Algorithm Helps Identify Best Treatment for Recurrent Hepatocellular Carcinoma

Using survival after recurrence as the measure, most patients would benefit from reoperative hepatectomy or thermoablation, according to an algorithm developed by Italian researchers. The researchers stress that the algorithm would be used to guide decisions by physicians and patients, not replace them.

Italian researchers have developed an algorithm that they believe could help guide treatment decisions for patients with recurrent hepatocellular carcinoma (HCC). Recurrence is common among patients with HCC that was treated with surgery. The cancer comes back within five years for about 60% of patients.

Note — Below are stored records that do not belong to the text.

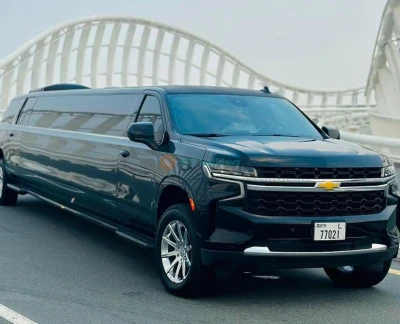 Limousine Chevrolet Suburban Kohinoor Noir 2024 (20 personnes) - Découvrez Dubaï en luxe avec le tour en limousine de JTR Vacances ! Profitez des meilleures offres de balades en limousine à des prix imbattables. Découvrez les locations de limousine à Dubaï avec nous Limousine Chevrolet Suburban Kohinoor Noir 2024 (20 personnes) - Image 5 sur 5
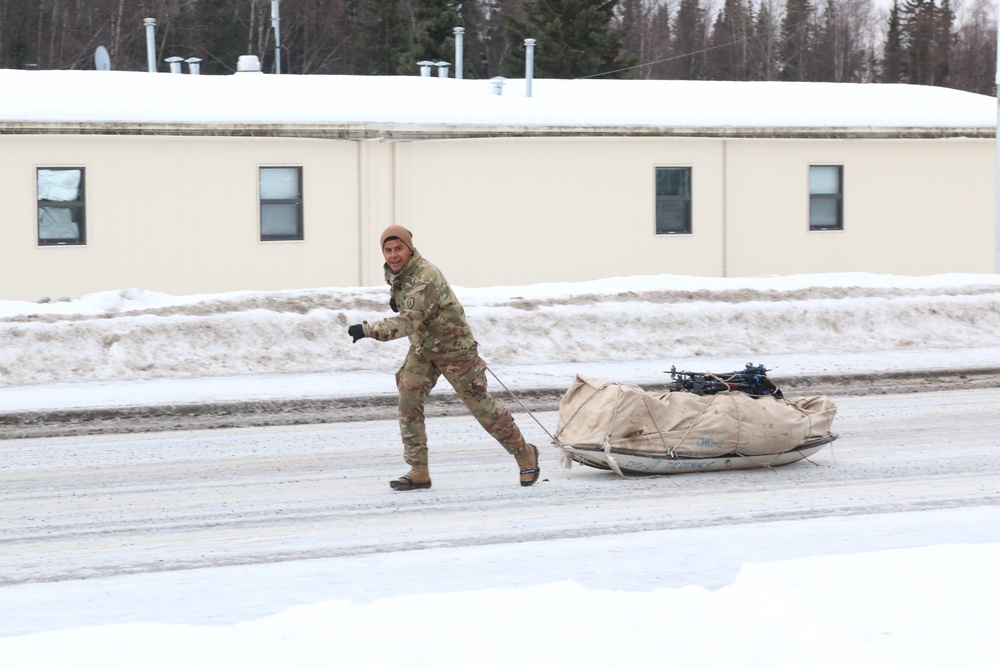 Spartans train fellow Soldiers how to live in cold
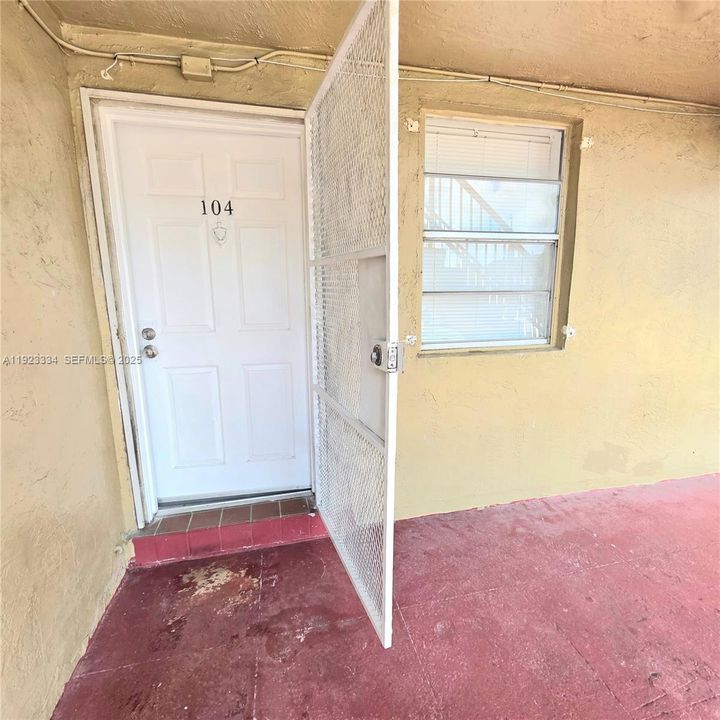 For Rent: $1,550 (1 beds, 1 baths, 730 Square Feet)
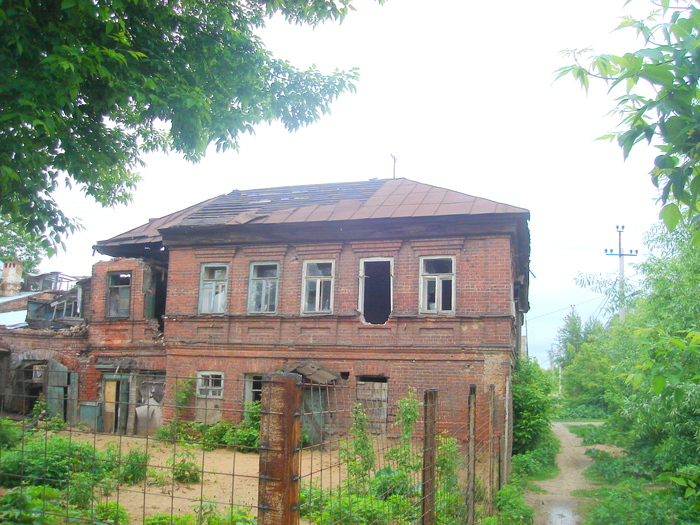 Ул. Большая, 85, 2008 год (фото Ильи Евлампиева).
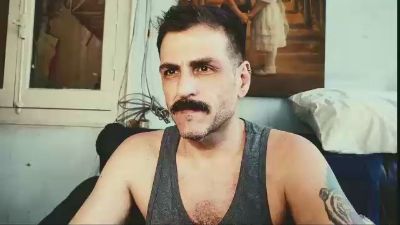 brunotouro69 live cam on Cam4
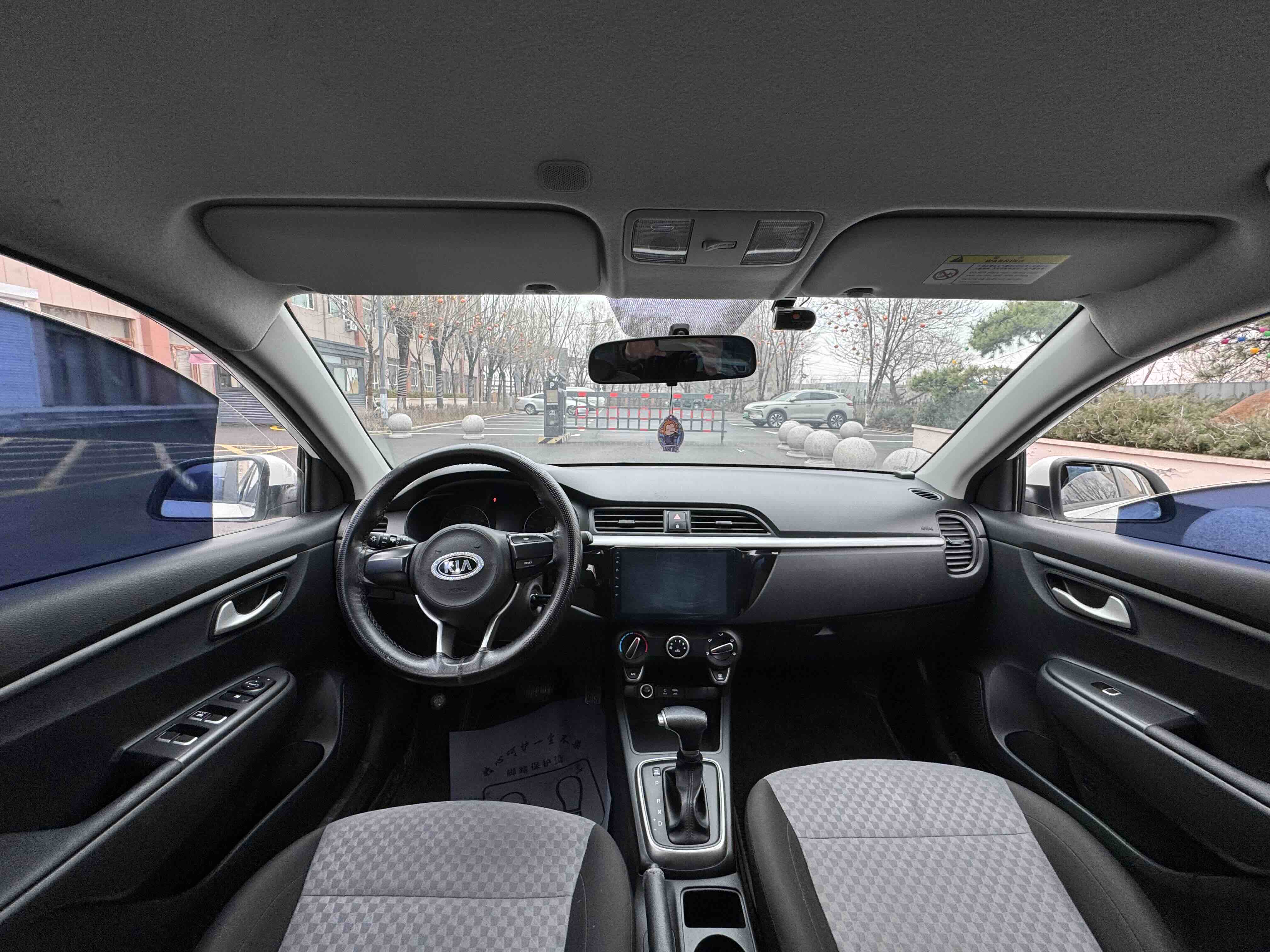 起亚 起亚K2 2017 汽车图片 #6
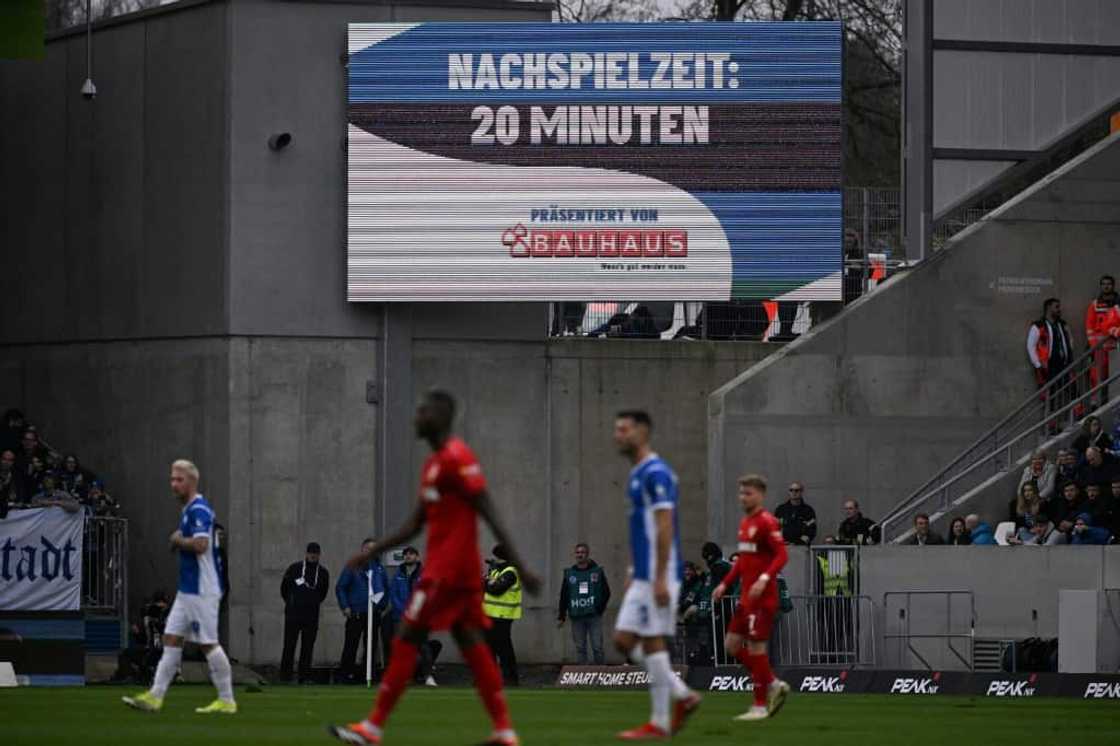Anger: A display indicates 20 minutes of injury time due to fan protests during the Bundesliga match between Darmstadt and Stuttgart Anger: A display indicates 20 minutes of injury time due to fan protests during the Bundesliga match between Darmstadt and Stuttgart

“Our methodological approach allowed us to create a highly patient-tailored algorithm, which accounted for the heterogeneity of the cases as the concomitant sum of several elements averaged by their impact on survival,” wrote lead author Simone Famularo, M.D., and his colleagues in a study published last month in JAMA Surgery. Famularo is a researcher at Humanitas University in Milan, Italy and a research fellow at the Institute for the Research into Cancer of the Digestive System in Strasbourg and

The study is the first attempt to identify the best potential treatment among reoperative hepatectomy and thermoablation, chemoembolization, or sorafenib in predicting survival after recurrence by a machine and patient-tailored approach, according to Famularo and his colleagues.

The goal of the study was to assess treatment choices for HCC recurrence after surgery that would lead to the best survival after recurrence (SAR). The researchers sorted patients by treatment, age, cirrhosis, number, size, and lobar localization of the recurrent nodules, extrahepatic spread, and time of recurrence were all modifiers, along with SAR.

The retrospective and observational study used data from the Italian registry of approximately 700 patients with HCC from between January 2008 to December 2019.

Of those patients, 293 (41.8%) were treated with reoperative hepatectomy or thermoablation, 188 (26.8%) with sorafenib; and 220 (31.4%) received chemoembolization.

Using SAR as the measure, the algorithm found that 611 patients (87.2%) would have benefited from reoperative hepatectomy or thermoablation while just 37 (5.2%) would have benefited from treatment with sorafenib and 53 (7.6%) from chemoembolization. in terms of potential survival after recurrence.

Currently, the study’s authors write, decisions about which treatment to use is based on oncological knowledge and the physician experience, which is based on individual doctor’s skill, experience and knowledge. An algorithm could automatically evaluate the oncological benefit of one treatment over another and help with evidence-based medical decisions.

Given that physicians have no control over things like the underlying condition of the liver and tumor biology, the choice of treatment is the only opportunity they have to influence the outcome, the Famularo and his colleagues. Having an algorithm like the one developed in the study could simulate scenarios under different treatments for the same patient. An evidence-based algorithm could help doctors collaborate and take advantage of a multidisciplinary approach to medicine.

What the simulated algorithm cannot do, the authors write, is account for the feasibility of one treatment because of factors like comorbidities, frailty considerations, patient will, and surgeon experience. Those factors cannot be foreseen or synthesized by a machine. The algorithm’s oncological simulations, write the authors, are meant as support and not a replacement for a physician’s skill and experience.

“The algorithm should help in allocating patients with recurrent HCC to the best potential treatment according to their specific oncology characteristics in a treatment hierarchy fashion,” concluded Famularo and his colleagues.